The Centre for Open Science’s Preregistration Challenge: Why it’s relevant and some recommended background reading

significance
multiple comparisons
organisation
open science
Author

Jan Vanhove

Published

October 31, 2016

This blog post is an edited version of a mail I sent round to my colleagues at the various language and linguistics departments in Fribourg. Nothing in this post is new per se, but I haven’t seen much discussion of these issues among linguists, applied linguists and bilingualism researchers.

I’d like to point you to an initiative of the Center for Open Science: the $1,000,000 Preregistration Challenge. The basic idea is to foster research transparency by offering a monetary reward to researchers who’ve outlined their study design and planned analyses in advance and report the results of these analyses in the report.

I’m not affiliated with this organisation, but I do think both it and its initiative are important developments. For those interested in knowing why I think so, I’ve written a brief text below that includes links to more detailed articles or examples; if you prefer reference lists, there’s one of those down below. Most of articles were written by and for psychologists, but I reckon pretty much all of it applies equally to research in linguistics and language learning.


Ever wondered why the literature is filled to the brim with statistically significant results – often mutually contradictory – even though we know that you shouldn’t be able to find so many of them even if everyone’s theories were correct? A big part of the answer is that researchers enjoy a great degree of flexibility in terms of running their studies, analysing their data, and interpreting the findings, and – wittingly or unwittingly – use this flexibility to increase their chances of finding a significant result.

All of this, incidentally, leaves aside false findings due to errors in research design and data analysis, including common ones such as reading too much into the difference between significant and non-significant results, taking the results of an analysis that ‘statistically controls for’ confounding variables at face value, or carving up continuous variables into groups, as well as mistakes in reporting, and flat-out fraud.

Scientific thoroughness is a virtue, but such flexibility messes up statistical inferences in a big way, and the odds that a statistically significant finding represents a fluke sky-rockets. As this flexibility almost always remains undisclosed, perusers of the scholarly literature have no way of calibrating their expectations of what p < 0.05 means in terms of providing support for a theory, and budding researchers may find themselves scratching their heads wondering why everyone seems to ‘achieve’ significance but they can’t.

Preregistering your study – i.e., writing down, to the extent possible, what you’ll do in your study and how you’ll analyse the data – and then following through on these decisions won’t solve all of these problems. But it’ll help researchers and readers to distinguish more clearly between planned and post-hoc decisions, which will in turn allow them to calibrate their interpretation of the results more accurately.

References

Brown, Nicholas J. L. & James A. J. Heathers. 2016. The GRIM test: A simple technique detects numerous anomalies in the reporting of results in psychology. Social Psychological & Personality Science.

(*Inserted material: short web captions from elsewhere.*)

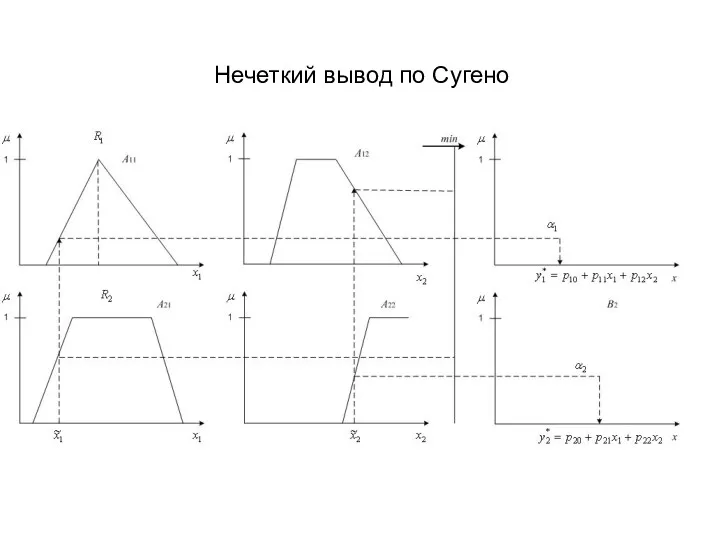 Нечеткий вывод по Сугено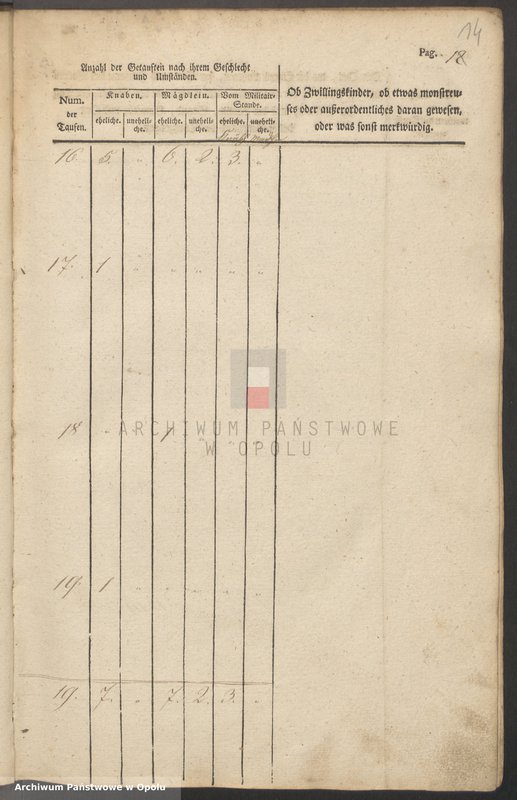 Obraz 18 z jednostki "Taufbuch Märzdorf 1827-51 [kościół filialny w Żelaznej parafii rzymskokatolickiej w Lipowej]"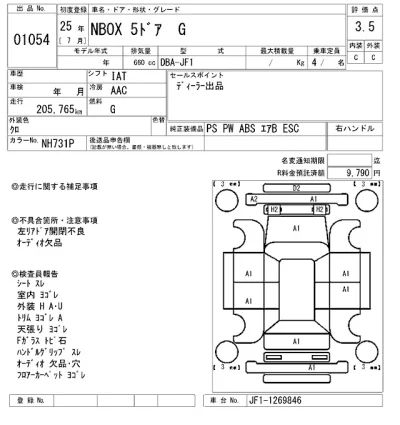 Honda N BOX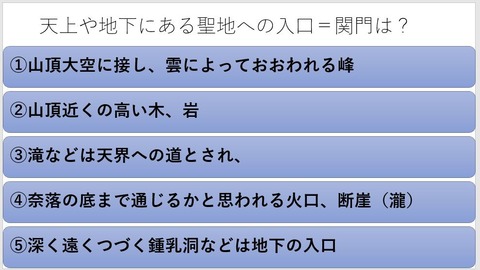 天上や地下の整地への入口は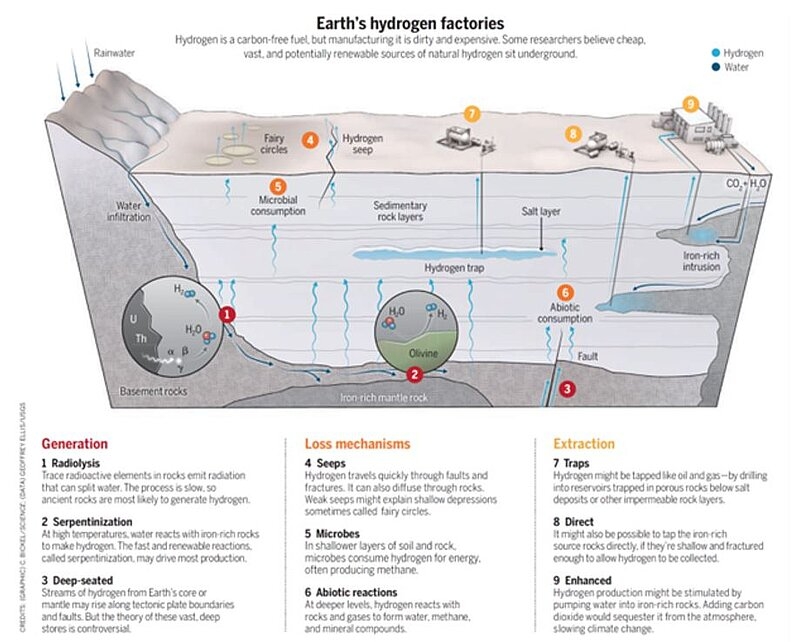 csm_How_hydrogen_forms_underground_1_bda65d0095.jpg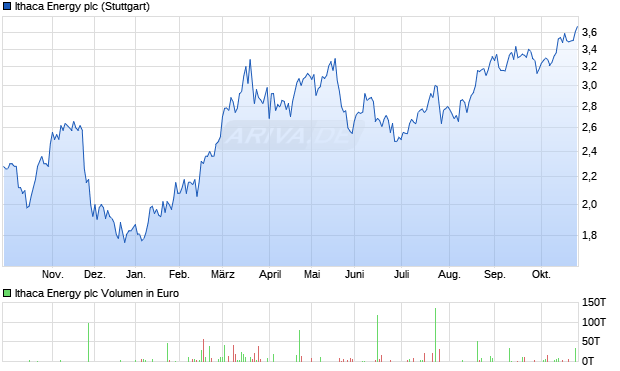 Ithaca Energy Aktie Chart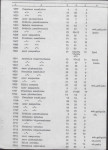 Ewidencja parkowa, skan nr 86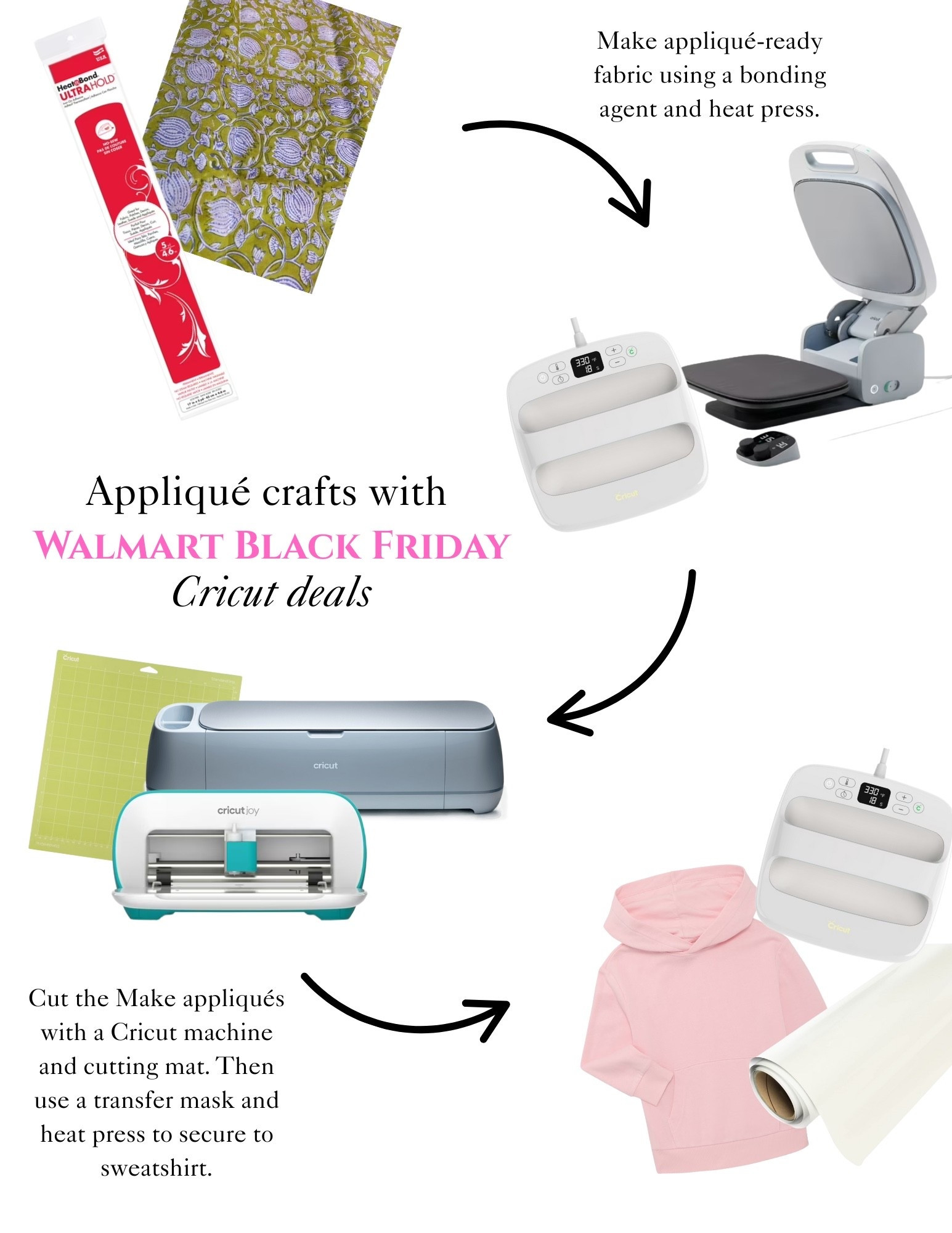 Did you know you can score massive savings during the @Walmart Deals event on Cricut products + bundles?! Here's everything I used to make my applique project, and I'm linking other Cricut deals from Walmart that shouldn't be missed! *Adds to cart.* #walmartpartner #walmart

#LTKHoliday #LTKSaleAlert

De Groot, Adriaan D. 2014. The meaning of “significance”” for different types of research. Translated and annotated by Eric-Jan Wagenmakers, Denny Borsboom, Josine Verhagen, Rogier Kievit, Marjan Bakker, Angelique Cramer, Dora Matzke, Don Mellenbergh, and Han L. J. van der Maas. Acta Psychologica 148. 188-194.

Elson, Malte. FlexibleMeasures.com.

Gelman, Andrew & Eric Loken. 2013. The garden of forking paths: Why multiple comparisons can be a problem, even when there is no “fishing expedition” or “\(p\)-hacking” and the research hypothesis was posited ahead of time..

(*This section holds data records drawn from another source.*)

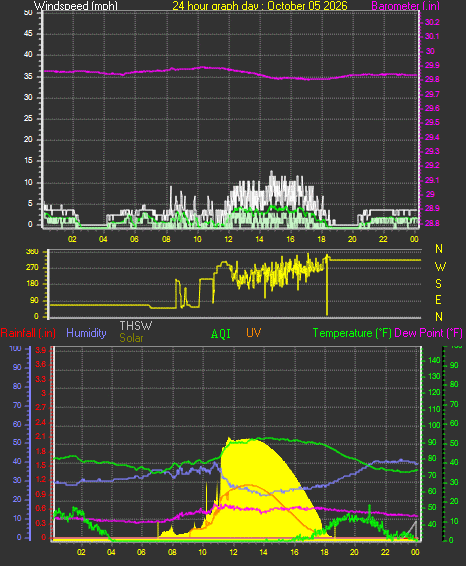 24 Hour Graph for Day 05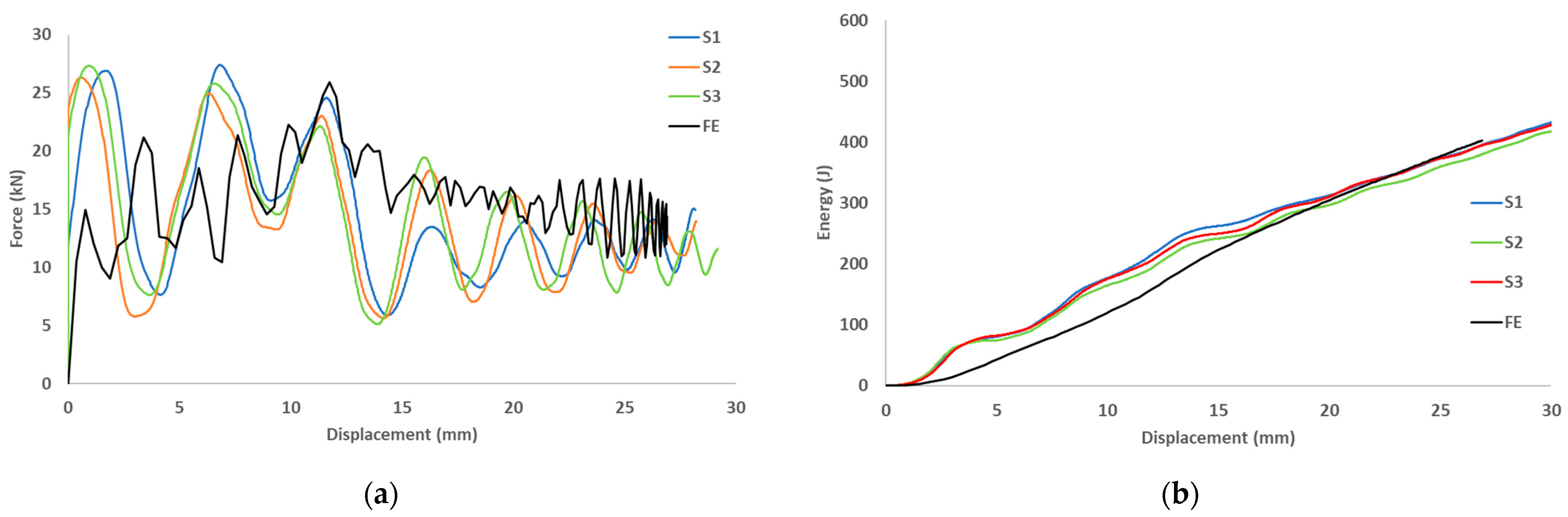 Materials 15 01084 g010 550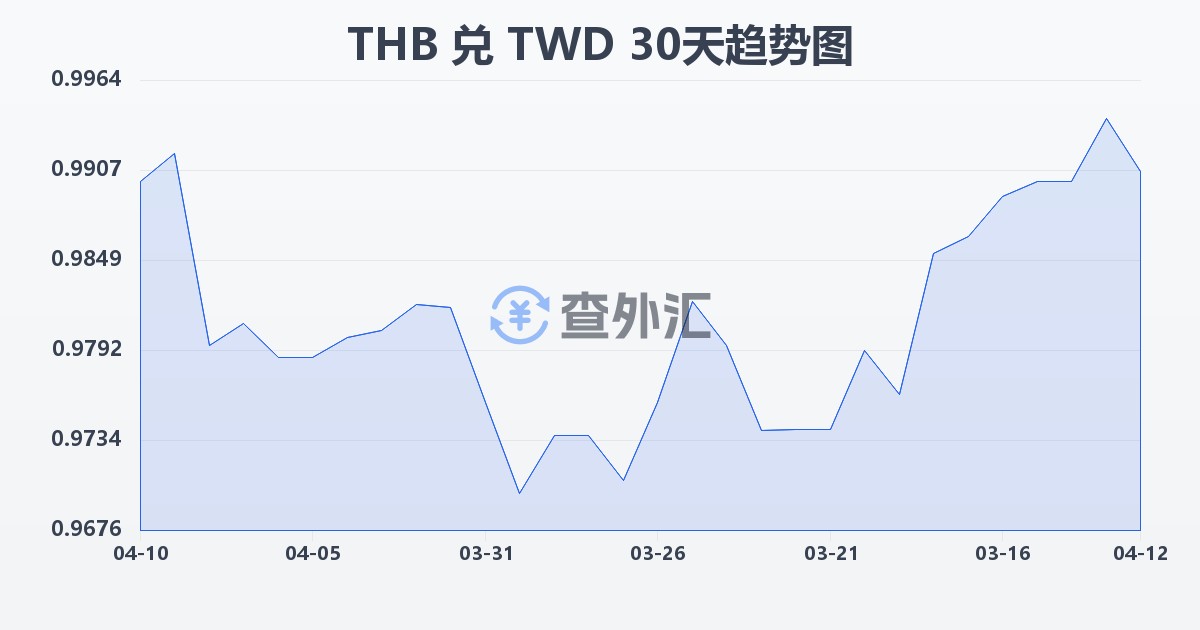 泰铢兑新台币(THB/TWD)近30天汇率走势图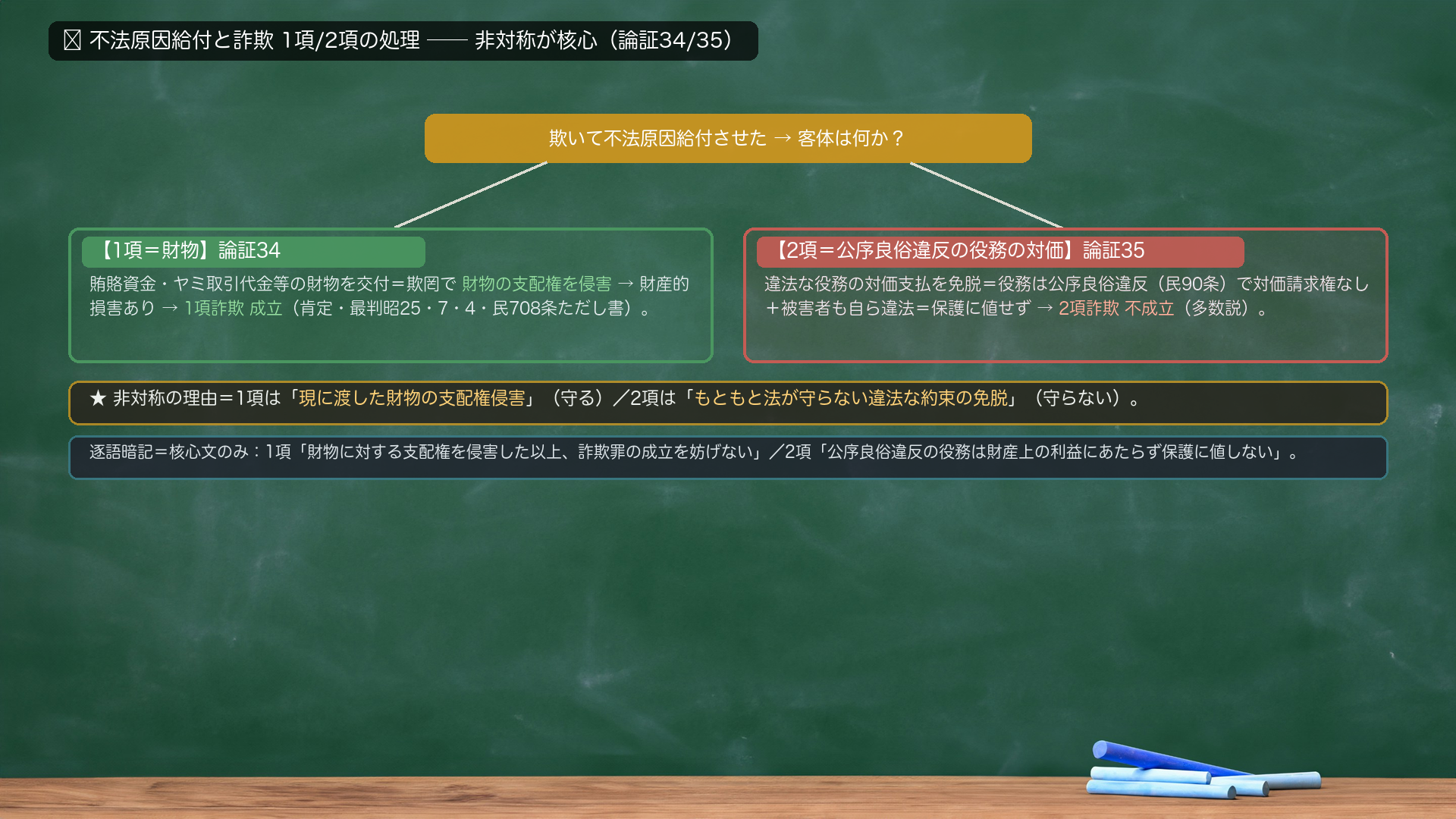 🔴 不法原因給付と詐欺 1項/2項の処理(非対称が核心)。欺いて不法原因給付させた→客体は何か?で分岐。【1項=財物】賄賂資金・ヤミ取引代金等の財物を交付=欺罔で財物の支配権を侵害→財産的損害あり→1項詐欺成立(肯定・最判昭25・7・4・民708条ただし書)。【2項=公序良俗違反の役務の対価】違法な役務の対価支払を免脱=役務は公序良俗違反(民90条)で対価請求権なし+被害者も自ら違法=保護に値せず→財産上の利益として保護されず→2項詐欺不成立(多数説)。★非対称の理由=1項は「現に渡した財物の支配権侵害」(守る)/2項は「もともと法が守らない違法な約束の免脱」(守らない)。逐語暗記は核心文のみ=1項「財物に対する支配権を侵害した以上、詐欺罪の成立を妨げない」/2項「公序良俗違反の役務は財産上の利益にあたらず保護に値しない」。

Ioannidis, John P. A. 2005. Why most published research findings are false. PLOS Medicine 2. e124.

John, Leslie K., George Loewenstein & Drazen Prelec. 2012. Measuring the prevalence of questionable research practices with incentives for truth telling. Psychological Science 23. 524-532.

Kerr, Norbert L. 1998. HARKing: Hypothesizing After the Results are Known. Personality and Social Psychology Review 2. 196-217.

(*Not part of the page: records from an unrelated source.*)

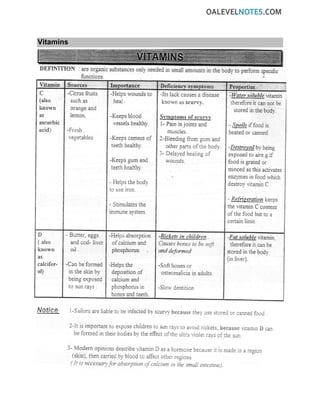 Vitamins
 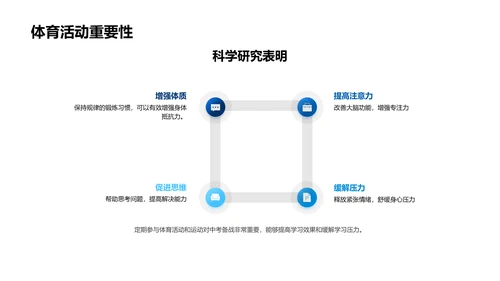 中考备考全攻略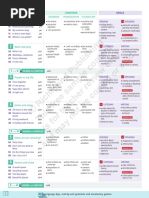 Personal Best British Edition A2 Students Book SS 1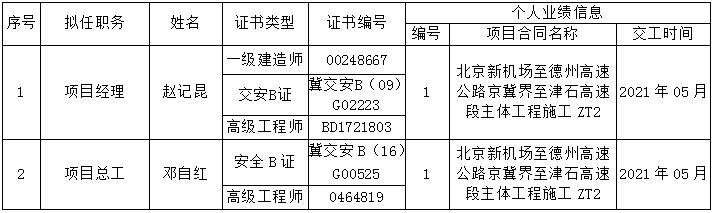 b体育(中国)官方网站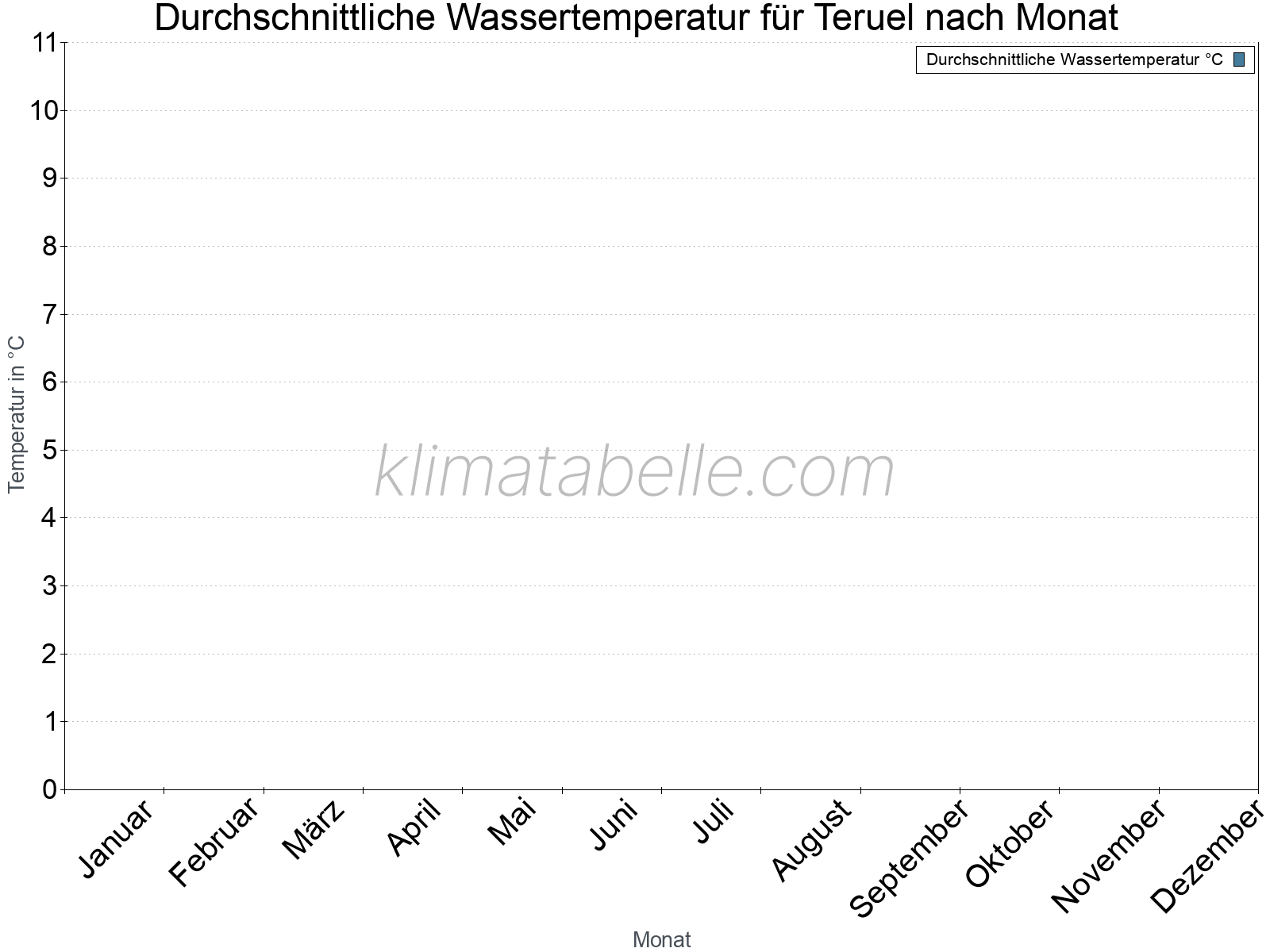 Monatliche Durchschnittstemperaturen des Wassers über das Jahr. Teruel.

Open Science Collaboration. 2015. Estimating the reproducibility of psychological science. Science 349.

Sedlmeier, Peter & Gerd Gigerenzer. 1989. Do studies of statistical power have an effect on the power of studies? Psychological Bulletin 105. 309-316.

Simmons, Joseph P., Leif D. Nelson & Uri Simonsohn. 2011. False-positive psychology: Undisclosed flexibility in data collection and analysis allows presenting anything as significant. Psychological Science 22. 1359-1366.

Sterling, Theodore D. 1959. Publication decisions and their possible effects on inferences drawn from tests of significance–or vice versa. Journal of the American Statistical Association 54. 30-34.

Sterling, Theodore D., W. L. Rosenbaum & J. J. Weinkam. 1995. Publication decisions revisited: The effect of the outcome of statistical tests on the decision to publish and vice versa. The American Statistician 49. 108-112.